▸ REQUIRED ACTION
What you return must be the data below, word for word, without any images.

▸ RECORDED DATA
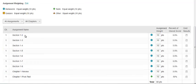When you review an assignment, you can see the name of the assignment, the assignment weight, the color-coded category, the percentage of overall score, and an option to omit results.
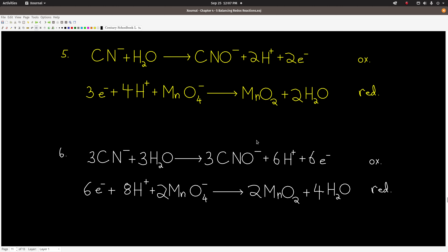Step 5: balance the charge with electrons. In the oxidation half reaction, we have one negative on the left and two positives plus one negative — that's one positive — on the right. Adding two electrons on the right gives one negative on each side — balanced. Be careful, that's the step people most often get wrong. For the reduction half reaction, four positives plus a negative one is three positives on the left, and none on the right, so we add three electrons on the left to balance the charge. Step 6: the least common multiple of 2 and 3 is 6, so we multiply the oxidation half reaction by 3 and the reduction half reaction by 2. The result: 3 cyanides and 3 waters on the left going to 3 cyanates and 6 H+ with 6 electrons; and 6 electrons plus 8 H+ plus 2 manganates going to 2 MnO₂ and 4 waters.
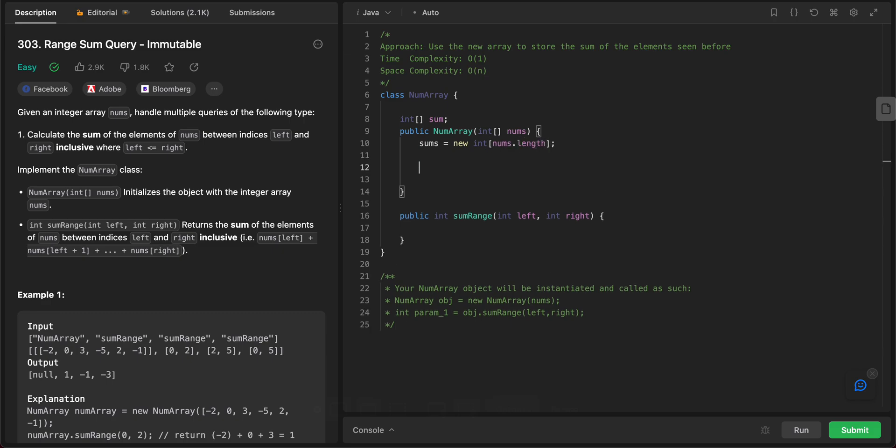Right, and then we iterate through all of the elements in the nums array. For i equals 1 to nums.length, increment i.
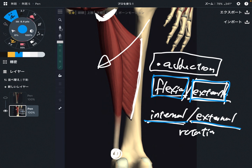So in this video, I explained the basic anatomy of adductor magnus: its origin, insertion, and function. If you liked today's video, please hit the like button, comment, and subscribe.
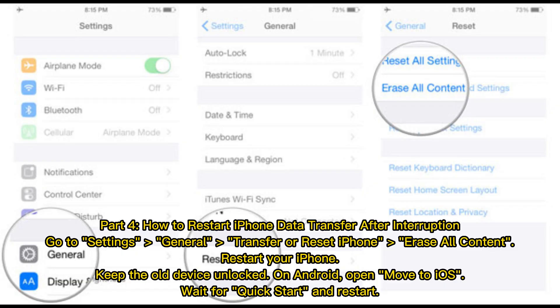Part 4: How to restart iPhone data transfer after interruption. Go to Settings, General, Transfer or Reset iPhone, then erase all content. Restart your iPhone and keep the old device unlocked. On Android, open Move to iOS, then wait for Quick Start and restart.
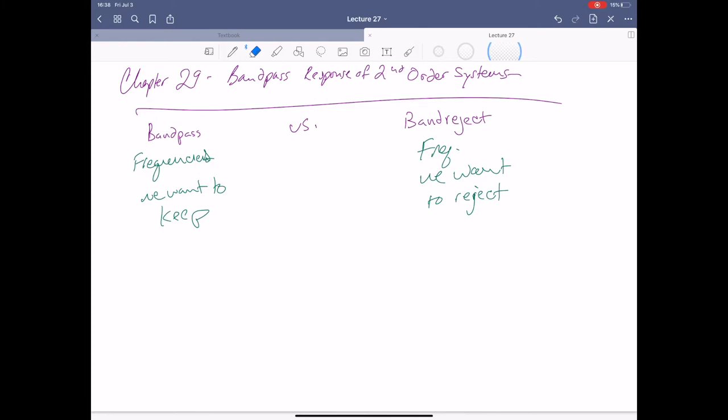We want to keep certain frequencies in and reject others. Sometimes you'll have difficulty doing this in multiple sections or making sure you don't cut off important information in the slopey region of your band pass. There's a lot to keep in mind — we're just starting to scratch the surface on how frequency responses can be tailored.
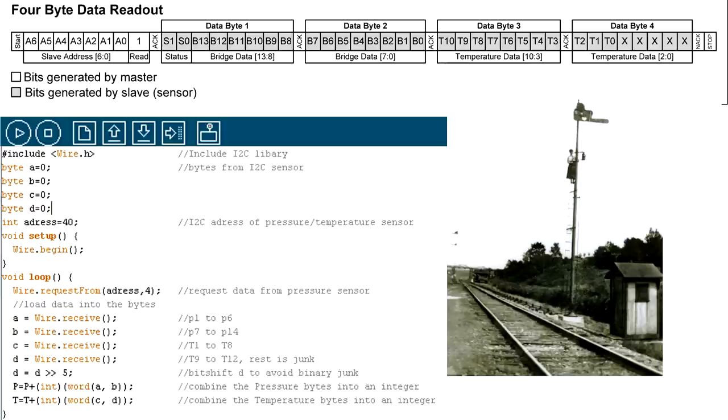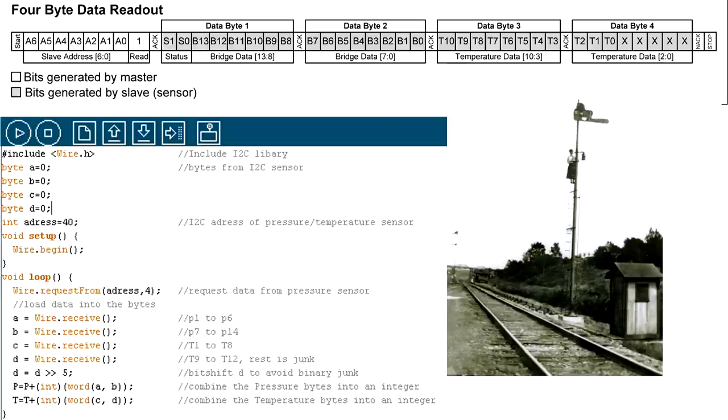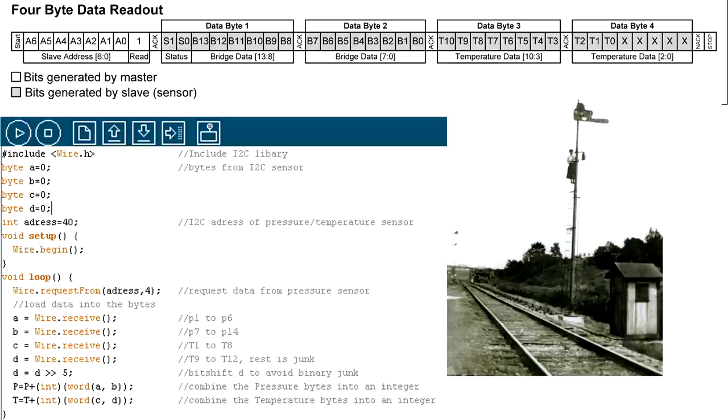After this we combine two of the 8 bit bytes into a 16 bit float variable, using a function called word. As you can see I have a problem here, because I write P+, it should only have been P equals integer of word A and B combined. When this is done I simply read out the value using the function serial write as we also used in the analog example.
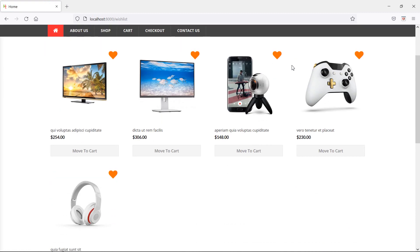So in this way, you can create a wishlist using database. That's all about wishlist using database. Thanks for watching this video. If you still have any questions, you can ask me in the comment box. Don't forget to subscribe to my channel. Thanks for watching.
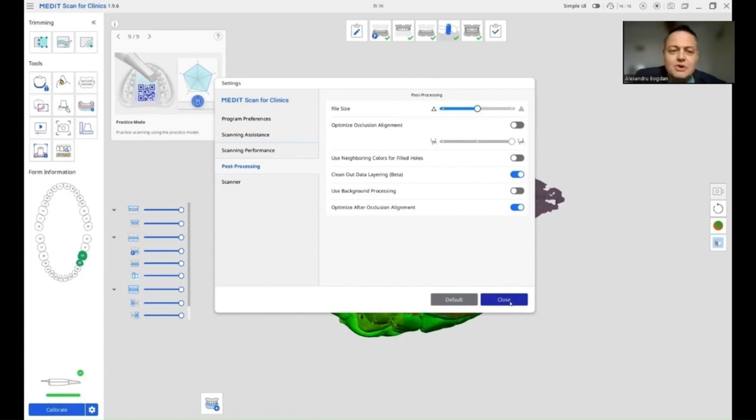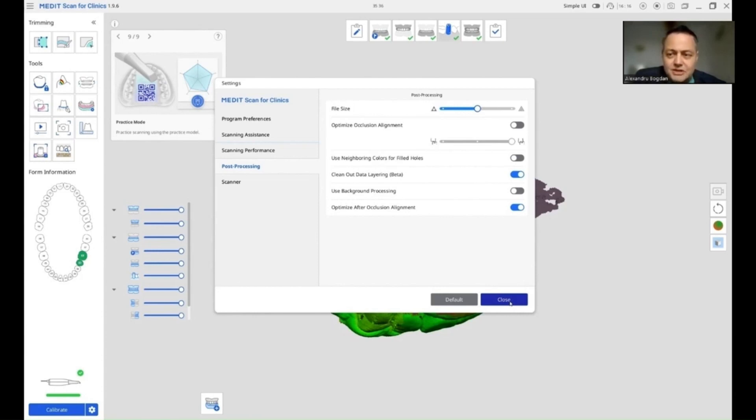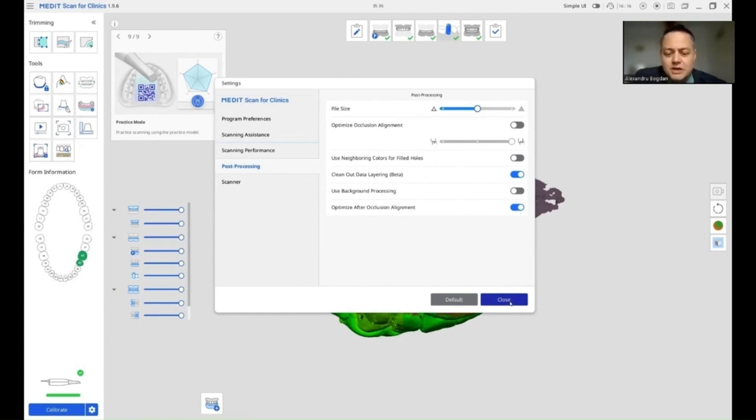Now, the technician will never know if you actually scanned that area and that area is correct or the software didn't. So if you uncheck use neighboring colors, the technician will see that the closed holes are grayed out. So that information is not actually done by you but by the software.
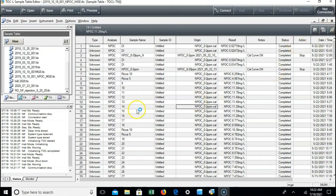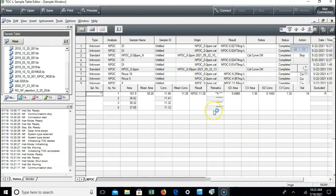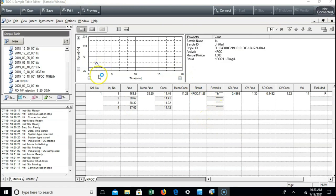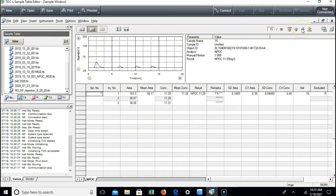If you click on the button that looks like little peaks, you can look at the details for each individual sample and injection. It'll tell you how many injections it took, what each injection looked like in regards to the area under the curve and the corresponding concentration, and if there were any issues with that injection.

▸ ANSWER
When you review an assignment, you can see the name of the assignment, the assignment weight, the color-coded category, the percentage of overall score, and an option to omit results.
Step 5: balance the charge with electrons. In the oxidation half reaction, we have one negative on the left and two positives plus one negative — that's one positive — on the right. Adding two electrons on the right gives one negative on each side — balanced. Be careful, that's the step people most often get wrong. For the reduction half reaction, four positives plus a negative one is three positives on the left, and none on the right, so we add three electrons on the left to balance the charge. Step 6: the least common multiple of 2 and 3 is 6, so we multiply the oxidation half reaction by 3 and the reduction half reaction by 2. The result: 3 cyanides and 3 waters on the left going to 3 cyanates and 6 H+ with 6 electrons; and 6 electrons plus 8 H+ plus 2 manganates going to 2 MnO₂ and 4 waters.
Right, and then we iterate through all of the elements in the nums array. For i equals 1 to nums.length, increment i.
So in this video, I explained the basic anatomy of adductor magnus: its origin, insertion, and function. If you liked today's video, please hit the like button, comment, and subscribe.
Part 4: How to restart iPhone data transfer after interruption. Go to Settings, General, Transfer or Reset iPhone, then erase all content. Restart your iPhone and keep the old device unlocked. On Android, open Move to iOS, then wait for Quick Start and restart.
We want to keep certain frequencies in and reject others. Sometimes you'll have difficulty doing this in multiple sections or making sure you don't cut off important information in the slopey region of your band pass. There's a lot to keep in mind — we're just starting to scratch the surface on how frequency responses can be tailored.
After this we combine two of the 8 bit bytes into a 16 bit float variable, using a function called word. As you can see I have a problem here, because I write P+, it should only have been P equals integer of word A and B combined. When this is done I simply read out the value using the function serial write as we also used in the analog example.
So in this way, you can create a wishlist using database. That's all about wishlist using database. Thanks for watching this video. If you still have any questions, you can ask me in the comment box. Don't forget to subscribe to my channel. Thanks for watching.
Now, the technician will never know if you actually scanned that area and that area is correct or the software didn't. So if you uncheck use neighboring colors, the technician will see that the closed holes are grayed out. So that information is not actually done by you but by the software.
If you click on the button that looks like little peaks, you can look at the details for each individual sample and injection. It'll tell you how many injections it took, what each injection looked like in regards to the area under the curve and the corresponding concentration, and if there were any issues with that injection.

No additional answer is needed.